Data extracts =

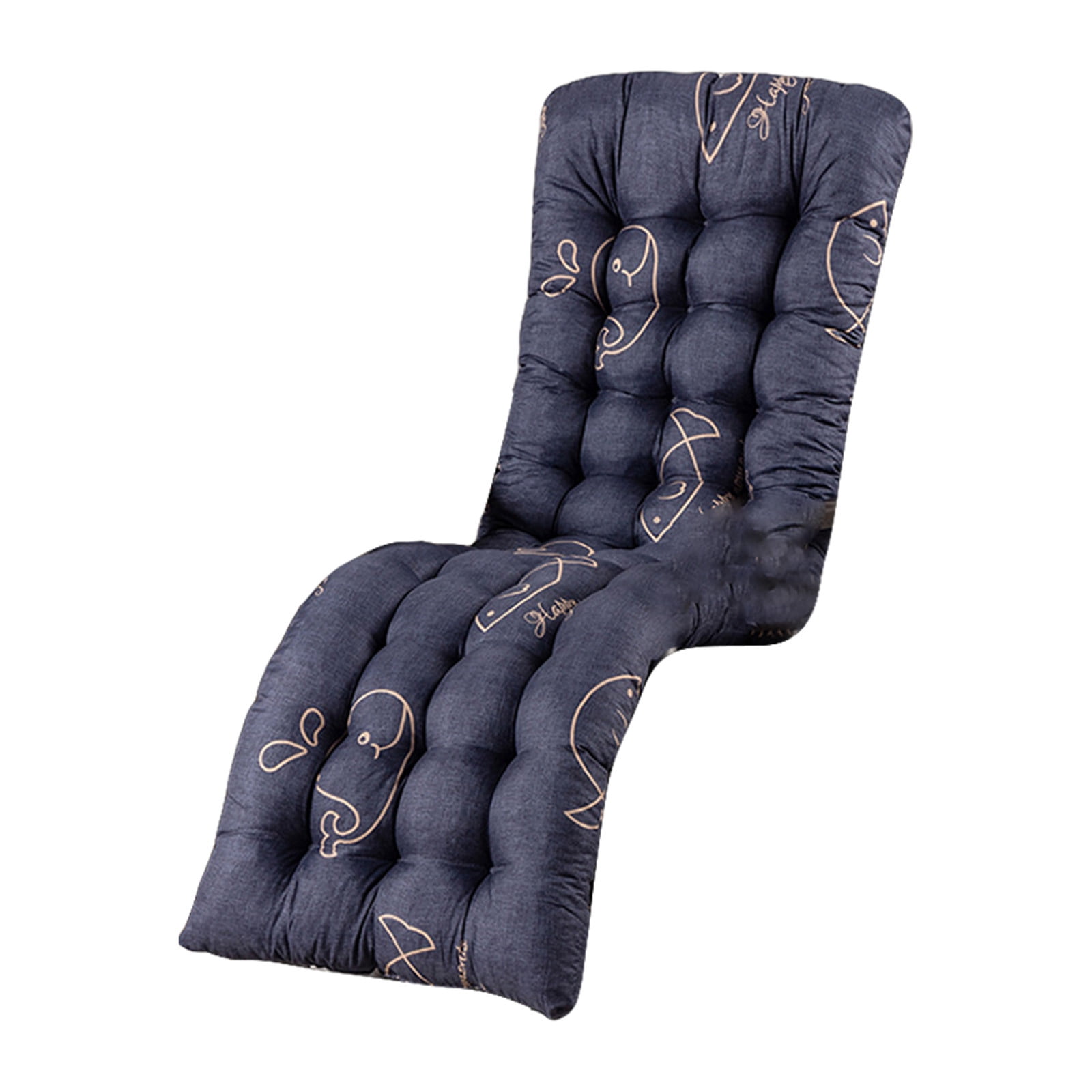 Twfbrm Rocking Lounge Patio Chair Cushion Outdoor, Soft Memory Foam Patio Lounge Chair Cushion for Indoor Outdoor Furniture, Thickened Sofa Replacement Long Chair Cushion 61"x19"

* * *

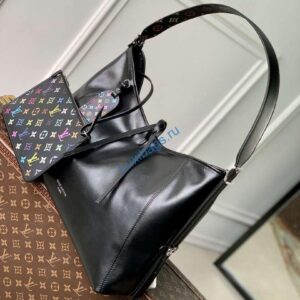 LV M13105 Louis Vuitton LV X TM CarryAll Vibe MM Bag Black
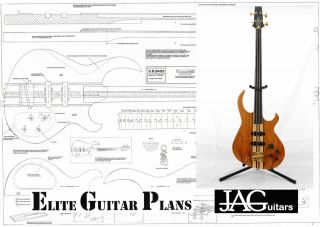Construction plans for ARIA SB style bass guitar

Task to complete = In the data above, start at the line holding "LV M13105 Louis" and stop after the line holding "Construction plans for"; write out those lines exactly, without pictures.

Result below =
 LV M13105 Louis Vuitton LV X TM CarryAll Vibe MM Bag Black
Construction plans for ARIA SB style bass guitar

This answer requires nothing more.